Using the licorice jelly bean transforms the blob into a ladder, allowing the boy to reach treasure.

The Rescue of Princess Blobette tells the story of a young, male protagonist and his blob companion as they attempt to rescue the latter's girlfriend, the titular Princess Blobette. The damsel in distress has been imprisoned by the antagonistic Alchemist within the highest tower of the Royal Castle on the planet Blobolonia. Like its predecessor, A Boy and His Blob: Trouble on Blobolonia, The Rescue of Princess Blobette is a puzzle-platformer in which the player directly controls the boy as he is followed around by the blob, who is controlled by the computer AI. The pair must navigate the various passages and floors of the castle to locate and free Blobette.
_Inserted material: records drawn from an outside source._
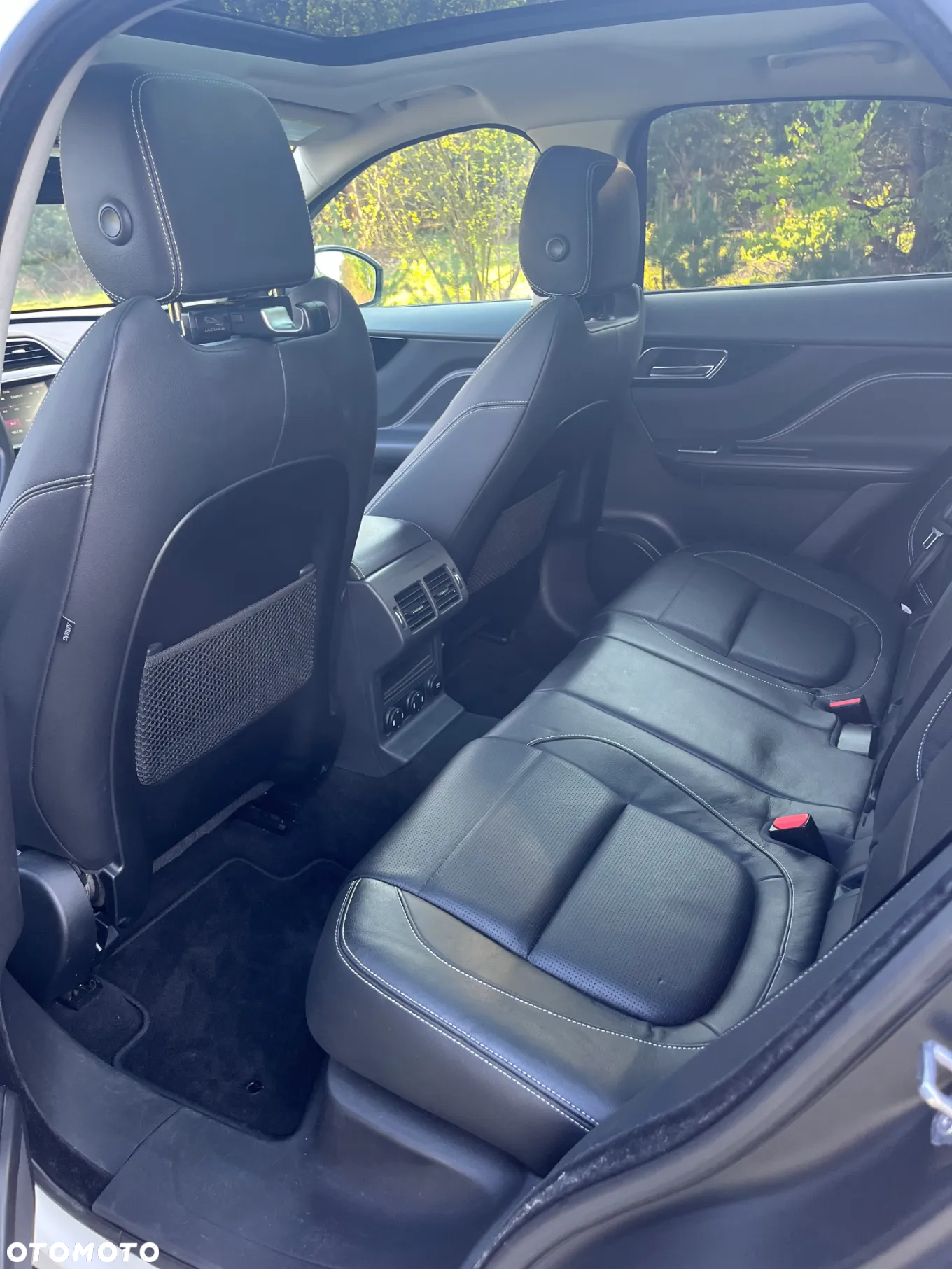 Jaguar F-Pace 2.0 i4P AWD R-Sport - 13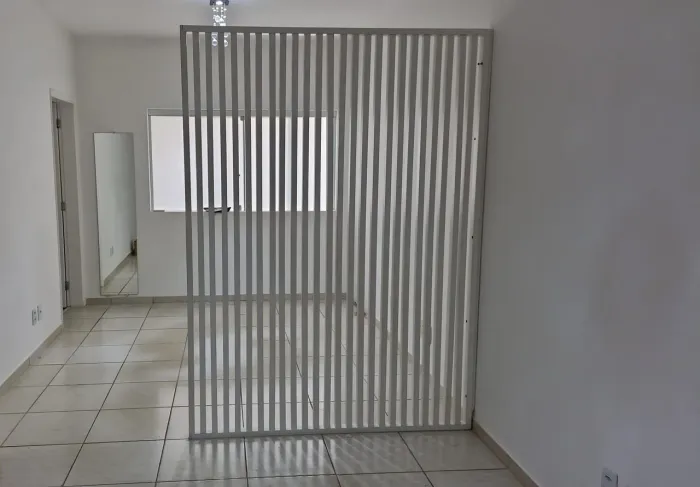 Divisória de fixar na parede 1,62m X 2,2m
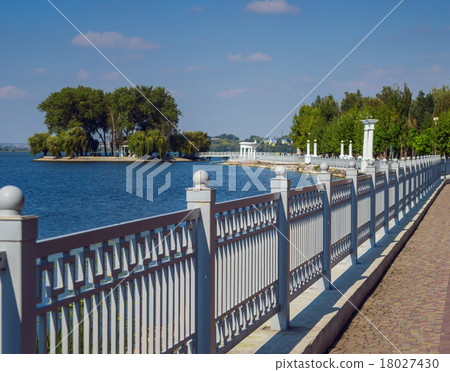 park in Ternopil park in Ternopil 18027430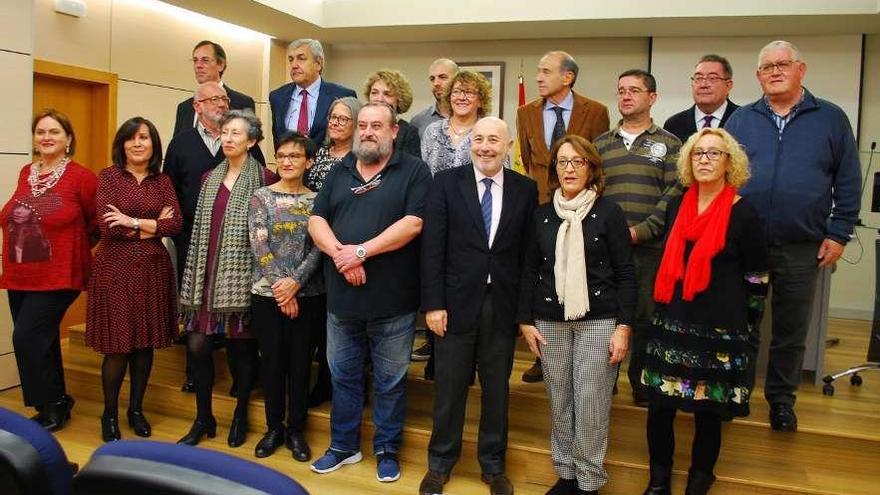 Homenaje a funcionarios veteranos de Hacienda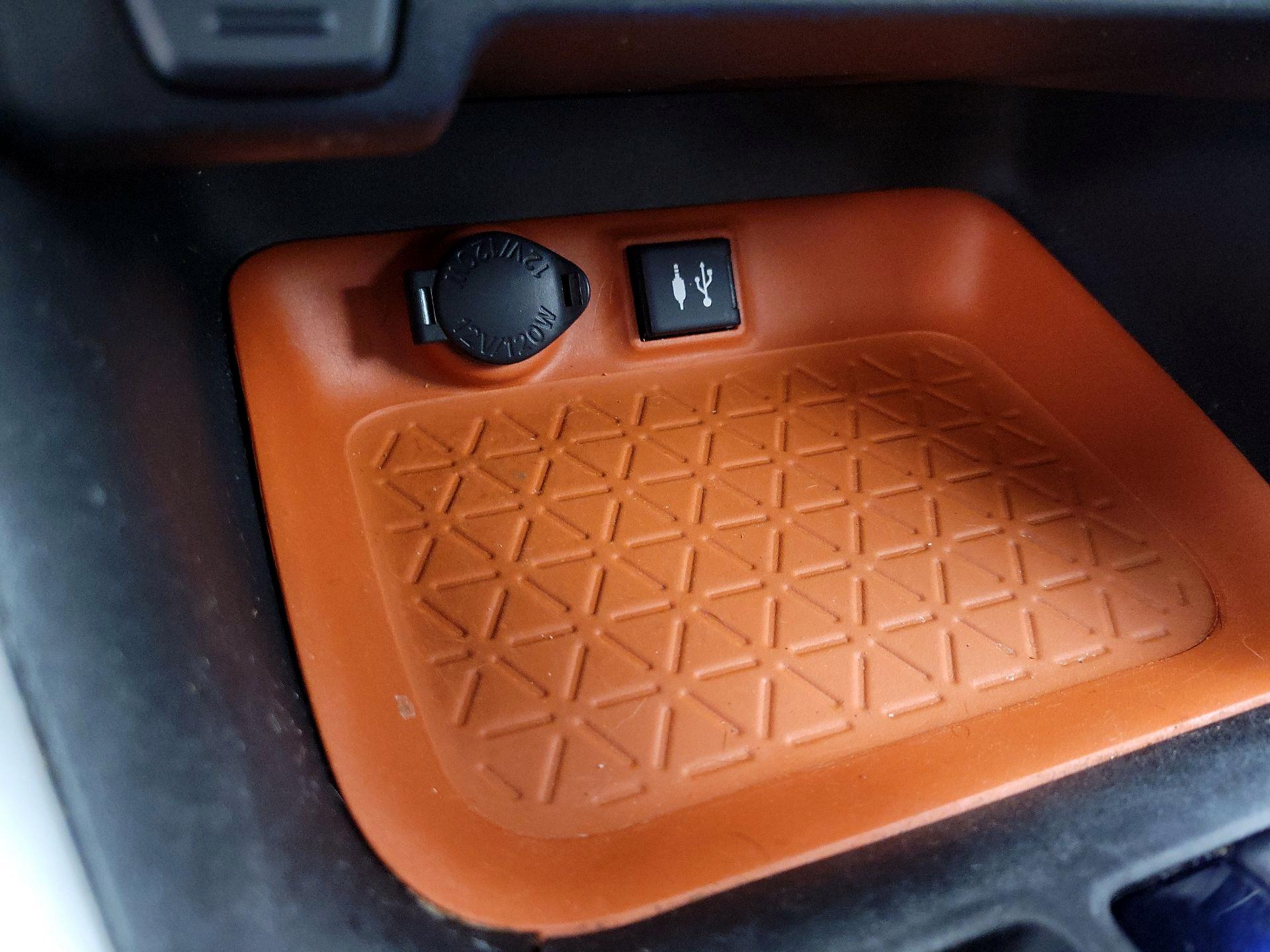 Thumbnail: 2019 Toyota RAV4 - 18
The boy can only run back and forth, cannot jump or swim, and will die if he falls a long distance or comes in contact with dangerous objects such as flamethrowers and sewer serpents. The blob however can be made to turn into useful tools when he is fed jelly beans of various flavors. Each flavor causes a different transformation. For example, feeding the blob a tangerine jelly bean will change him into a trampoline, which the boy can then use to reach high platforms. The player may also locate extra jelly bean sacks and numerous, optional treasures. Finding five peppermints will increase the player's extra lives by one.

==Development==
The Rescue of Princess Blobette was developed by Imagineering and designed and programmed by David Crane, who was also the lead designer on Trouble on Blobolonia. A then-untitled follow-up to Trouble on Blobolonia was revealed in the September 1990 issue of GamePro. On November 9, The Rescue of Princess Blobette was first released in Japan by Jaleco under the title Fushigi na Blobby: Princess Blob o Sukue! (不思議なブロビー~プリンセス・ブロブを救え!~). Absolute Entertainment, the parent company of Imagineering, published the game in North America during May 1991.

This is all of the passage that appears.